Exile to Érenn - 17. Chapter 17
The morning after Strandhill felt easy in the way that only mornings after genuinely good days could feel. The heat had broken overnight, leaving the air clear and cool, the hills sharp against a sky that was purely, uncomplicatedly blue.
Aiden came downstairs to find Rowan already at the Aga and Declan at the table with his notebook, and neither of them said anything about the previous day beyond Rowan asking if his shoulders were sore from paddling and Aiden saying no and meaning yes.

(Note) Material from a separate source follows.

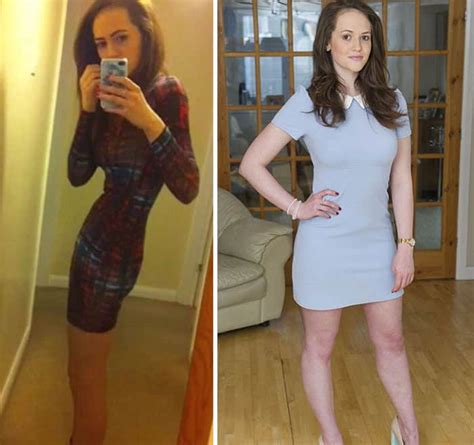 45 ‘before And After’ Photos Of People Who Beat Anorexia True Activist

Cianán arrived while Aiden was finishing his second bowl of porridge. He came through the back door as he sometimes did in summer, staff leaning against the wall outside, and took his usual chair beside Aiden with the ease of someone who had been doing it all his life.
Rowan set a bowl in front of him without being asked. Cianán ate with the focused appreciation he always brought to Rowan’s cooking, which Rowan had long since learned to receive as the highest possible compliment.

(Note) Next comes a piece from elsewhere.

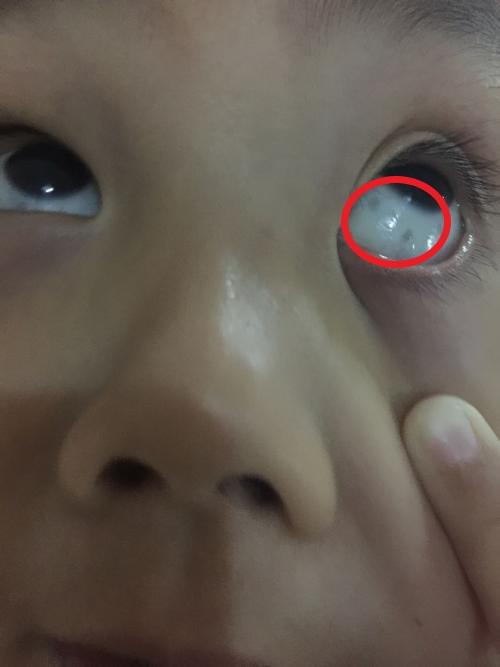 孩子眼白有"黑点"是长虫?家长别着急,多半是这2原因导致的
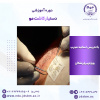 دوره آموزشی دستیار کاشت مو در جهاددانشگاهی علوم پزشکی شهید بهشتی برگزار می شود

They were quiet for a while, the comfortable quiet of people who had stopped needing to fill silence. Outside the kitchen window the hills were bright and the ridge was sharp and the specific point on the Bricklieve Mountains where the sun would set at Lughnasadh was visible even now, in the morning, if you knew where to look.
Aiden knew where to look.
He looked away.
After breakfast Declan retreated to his office and Rowan began the business of clearing up. Aiden and Cianán drifted into the garden, which had become their habit when the morning was fine and there was no particular plan. They sat on the low wall for a while, shoulders touching, watching a pair of crows work the field below.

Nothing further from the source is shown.